Higher Education and Training Minister Hlengiwe Mkhize has welcomed the decision by President Jacob Zuma to release the Heher Fees Commission report to the public.
"This [report] will provide an opportunity for the academic, student, and broader communities to study it and to familiarise themselves with the detail of Judge Heher's findings, proposals and alternatives scenarios," Minister Mkhize said on Tuesday.
The Heher commission, which was released on Monday, recommended, amongst others, that all tertiary students in South Africa be given access to State guaranteed bank loans, which they would only pay back once they start earning a certain income.
The Commission of Inquiry into the feasibility of making higher education and training fee-free in South Africa has recommended that all students studying at both public and private universities and colleges -- regardless of their family background -- be funded through a cost-sharing model of government guaranteed Income Contingency Loans (ICL) sourced from commercial banks.
Minister Mkhize said that she would work closely with the Inter-Ministerial Committee on Higher Education Funding, led by the Minister in the Presidency Jeff Radebe, and the Presidential Fiscal Committee, led by Minister of Finance, Malusi Gigaba, who have been tasked by the President to process the report in detail.
The Minister emphasised that it is important that the public, including the students and institutions- fully understand that the report does not pronounce on anything.
"It does not contain decisions. It provides government with recommendations only. Decisions still have to be made by government.

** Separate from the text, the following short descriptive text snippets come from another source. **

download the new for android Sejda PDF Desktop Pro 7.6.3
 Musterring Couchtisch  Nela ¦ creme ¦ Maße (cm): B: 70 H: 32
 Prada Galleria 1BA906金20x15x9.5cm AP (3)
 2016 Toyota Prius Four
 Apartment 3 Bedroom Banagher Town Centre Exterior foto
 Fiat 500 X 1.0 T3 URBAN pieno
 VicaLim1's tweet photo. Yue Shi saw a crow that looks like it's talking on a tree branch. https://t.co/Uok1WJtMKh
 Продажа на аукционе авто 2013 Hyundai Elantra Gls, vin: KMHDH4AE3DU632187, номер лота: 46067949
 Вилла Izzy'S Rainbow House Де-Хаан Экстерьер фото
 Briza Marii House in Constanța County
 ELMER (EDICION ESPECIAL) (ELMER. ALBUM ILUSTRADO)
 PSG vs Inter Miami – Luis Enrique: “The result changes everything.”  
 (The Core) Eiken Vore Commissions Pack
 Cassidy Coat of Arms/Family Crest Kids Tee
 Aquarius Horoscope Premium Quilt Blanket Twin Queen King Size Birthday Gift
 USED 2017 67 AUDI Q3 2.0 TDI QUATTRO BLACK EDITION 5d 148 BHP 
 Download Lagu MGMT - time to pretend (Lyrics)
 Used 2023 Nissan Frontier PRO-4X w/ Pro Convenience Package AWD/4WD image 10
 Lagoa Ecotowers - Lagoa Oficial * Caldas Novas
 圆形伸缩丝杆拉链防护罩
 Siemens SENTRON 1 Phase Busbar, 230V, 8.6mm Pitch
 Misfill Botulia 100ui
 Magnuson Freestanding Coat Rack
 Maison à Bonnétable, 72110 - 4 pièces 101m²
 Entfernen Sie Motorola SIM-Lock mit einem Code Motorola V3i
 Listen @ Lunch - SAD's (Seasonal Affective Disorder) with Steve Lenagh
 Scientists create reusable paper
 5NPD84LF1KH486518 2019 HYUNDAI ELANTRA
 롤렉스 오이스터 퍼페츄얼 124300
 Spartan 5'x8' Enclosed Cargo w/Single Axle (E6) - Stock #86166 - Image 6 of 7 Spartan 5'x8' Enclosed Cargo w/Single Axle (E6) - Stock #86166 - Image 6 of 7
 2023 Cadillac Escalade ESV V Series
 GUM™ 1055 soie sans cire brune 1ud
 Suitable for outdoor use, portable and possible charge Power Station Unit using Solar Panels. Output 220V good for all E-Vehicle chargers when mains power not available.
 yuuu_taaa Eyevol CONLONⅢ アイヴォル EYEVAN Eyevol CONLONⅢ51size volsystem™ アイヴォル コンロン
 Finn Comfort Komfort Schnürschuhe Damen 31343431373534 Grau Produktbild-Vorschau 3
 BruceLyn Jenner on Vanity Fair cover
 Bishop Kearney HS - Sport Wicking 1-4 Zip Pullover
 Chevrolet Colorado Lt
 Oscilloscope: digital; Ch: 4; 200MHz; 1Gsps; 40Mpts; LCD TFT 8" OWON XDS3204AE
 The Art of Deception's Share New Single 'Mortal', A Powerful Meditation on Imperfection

"Government must have a space to conduct a thorough due diligence and to weigh up all aspects of the proposals, including their possible knock-on effects, so that the President can announce a way forward which is able to ensure that we empower future generations of young people through knowledge and skills, thereby empowering their families and communities too.
"The policy decisions we make, having considered the recommendations in the report, must lead to sustainable solutions that will endure for many years to come. As a country, we have to move from the ad hoc situation we have since 2015, to more certainty about these matters going into the future," said Minister Mkhize.
The Minister also appealed to all constituencies, especially student leaders and management to ensure a peaceful end to the academic year, including allowing examinations to be completed without disruption.
SA, Mauritania explore cooperation in higher education
Meanwhile, Minister Mkhize hosted her counterpart from the Islamic Republic of Mauritania, Dr Sidi Ould Salem, who is the Minister of Higher Education and Scientific Research.
The meeting aimed to explore opportunities for cooperation between the two countries in the areas of higher education, technical and vocational training, as well as English language tuition.
The two-day bilateral engagement held from Monday at the Universities South Africa represented a significant strengthening of the already very cordial ties between South Africa and Mauritania, as a West African member of the Franco-Arabic speaking group of Maghreb countries.
"I am delighted to host Dr Salem, as we explore focus particularly on how South Africa may be able to assist Mauritania with the teaching of English, and on deepening research collaboration between our two countries.
"We are also both confident that our exploratory talks will not only lead to great co-operation between our two countries in the fields which we as Minsters take particular responsibility for, but also go a long way in advancing much needed co-operation between the Maghreb and Southern Africa more generally," the Minister said during a media briefing following the meeting.
The engagements kicked-off on Monday, with site visits to the Ekurhuleni West TVET College on the East Rand, followed by a tour of Sefako Makgatho Health Sciences University in Garankuwa.
Earlier on Tuesday, the Ministers attended Skills Dialogue hosted by Minister Mkhize, before they had a meeting with vice chancellors at the Universities' South Africa offices in Pretoria.
Dr Salem said the problems encountered in the higher education are almost the same in all the countries, but the countries can learn from each other.